Students inspired by Dryandra field work
The next generation of conservationists gained valuable hands-on experience last week as biology students from Narrogin Senior High School camped out in Dryandra.
Nine Year 11 students studying biology spent two nights conducting field work as part of their course.
NSHS biology teacher, Maxine Clark, says the camp gives students tangible experience rather than just reading about scientific methods in workbooks.
“It’s giving them an opportunity to be a real-life biologist and to actually work with people from the Department of Conservation, Biodiversity and Attractions,” she said.

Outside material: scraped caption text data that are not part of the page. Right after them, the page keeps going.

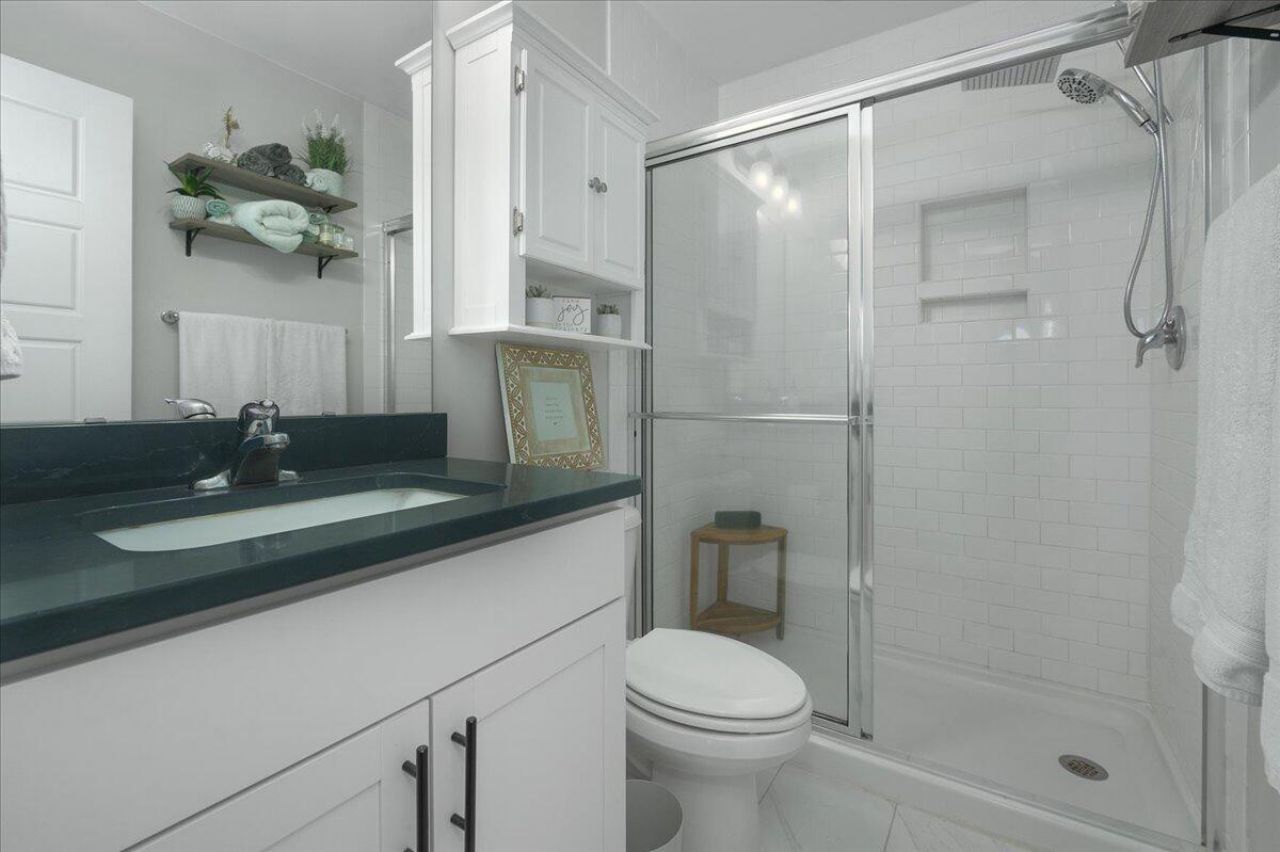 3995 Four Poles Park Drive Photo 14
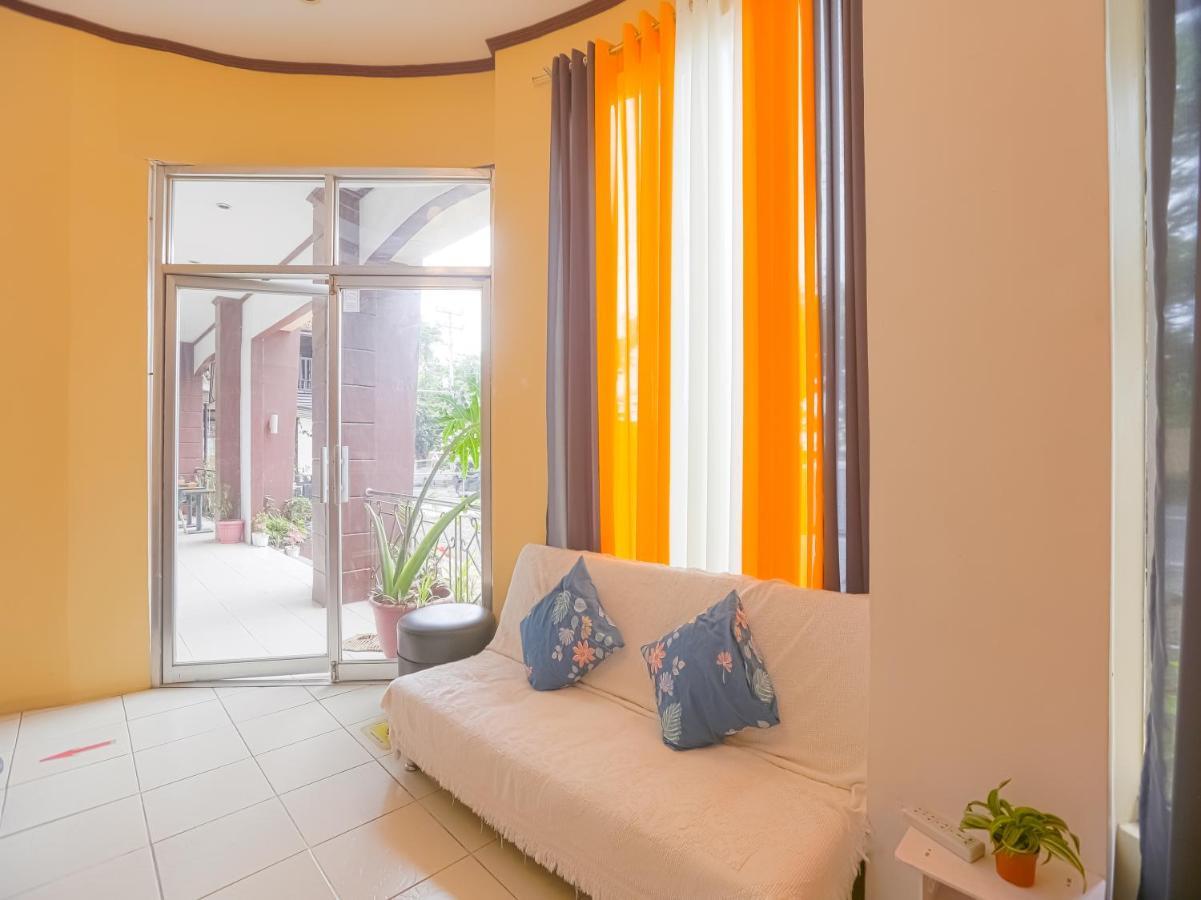 Oyo 759 Royal South Garden Suites Tagaytay City Kültér fotó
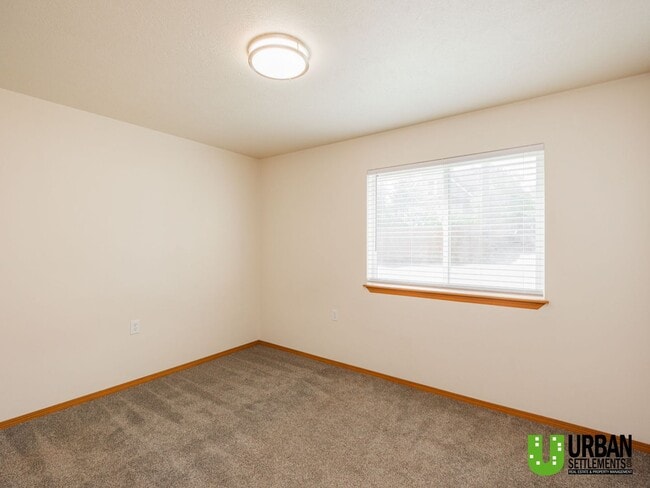 Building Photo - Spacious, clean, modern 4bd/2bth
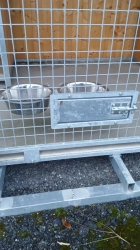 Dvojité krmítko otočné 2 x 4 litry, včetně misek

“They’re learning about how to sample populations in a bush environment.
“We’ve compared unburnt sites to burnt sites, to do a direct comparison.
Year 11 student Jasmine Gillett says the excursion has been beneficial to her learning.
“It is one thing to read in a text book what it’s like (conducting field work), but it’s another thing to be able go out and experience what it’s like,” she said.
“Being here has definitely opened my eyes to what it’s like (to work in conservation) and is now high up there in what I want to do when I finish school, because I know what it’s like and what to expect.”
Last Monday night, the students went to Barna Mia, an educational facility in Dryandra, where visitors can get up close and personal with some of WA’s rarest native animals.
Students came within inches of threatened and endangered native marsupials such as the bilby, woylie, marl, boodie and quenda, while learning about how they’re managed by the department.
Former NSHS student and Barna Mia tour guide, Amy George, encouraged students to get involved with conservation.
“There’s lots of volunteer programs available, doing monitoring and surveys,” she said.
“There’s so many ways to get involved — there’s lots of committees and projects on the go all the time.”
Narrogin Senior High School Year 11 biology class at Barna Mia.
Some of Barna Mia’s residents.
A baby possum clings onto mum at Barna Mia.